そう感じたのは、退職することが決まり、メイン担当でやっていた茨城エリアの旅行雑誌が校了を迎えるころ、奥さんと版元の担当者とのメールのやり取りを読んだときだった。
版元の担当者から送られてきたメールには、忙しないスケジュールに付き合って進行してくれて助かったこと、そして経験豊富な奥さんの冷静な対応や、新任の私のパワーに助けてもらったという感謝の言葉が記されていた。
奥さんはこのメールに対し、切羽詰まった状況下でも通常のクオリティが保てるように最大限努力したが、その試みが成功していることを祈っていると返信していた。
このやり取りを読んだときに、ああ、仕事ってこういうことなのかと少し理解した気がした。奥さんは私から仕事を引き継いだ後、休日を返上して時間の許す限り色校を読み返し、できる限りベストな状態で版元に戻すことをしていた。その姿を見ていてからなおのこと、奥さんの返信したメールにあった「最大限努力した」という言葉には説得力があった。
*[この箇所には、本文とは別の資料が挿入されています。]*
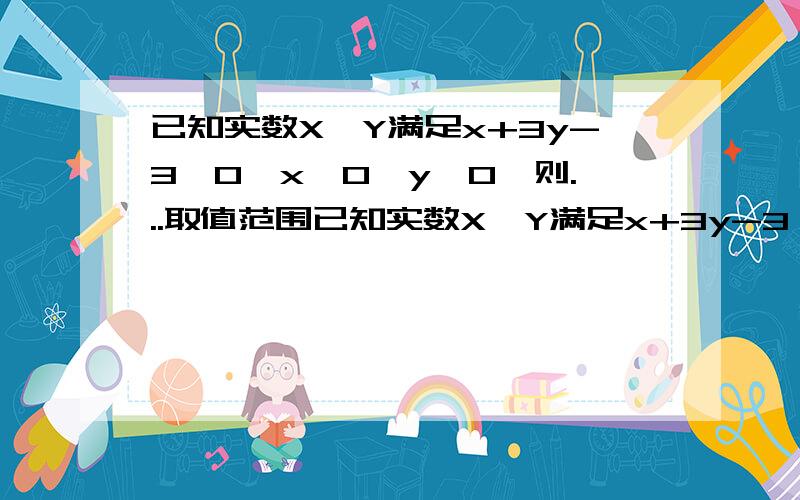 已知实数X,Y满足x+3y-3≤0,x≥0,y≥0,则...取值范围已知实数X,Y满足x+3y-3≤0,x≥0,y≥0,则z=（y+2）/（x-1）的取值范围为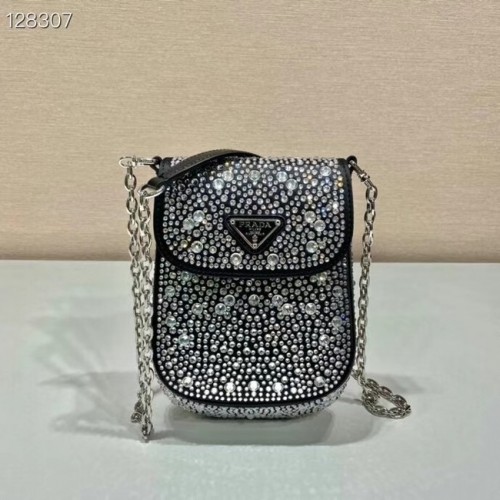 Prada Mini kabelka Prada s krystaly 1BH185 černá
仕事には限られた期日がある。その縛りのなかで、いかに良いものを作れるか、いかにベストに近い状態に近づけるか、そういったことが大事なのだろうと感じた。毎回毎回が勝負なのだ。
また、その後社長からは、校了後に版元の人から改めて何度もお礼を言われていること、仕事というのは何かひとつ頼まれたことをやり遂げると、これだけのことを言ってもらえるものだということを話された。そのとき初めて、今まで身を粉にしながら費やしてきた時間が少し報われたような気がした。
このような奥さんや社長の姿を見ていて、仕事をしていく上で大きなモチベーションとなるのは、第一に「自分のため」というよりは、自分以外の他者との関係のなかで形成されるやりがいのようなものであるのだと感じた。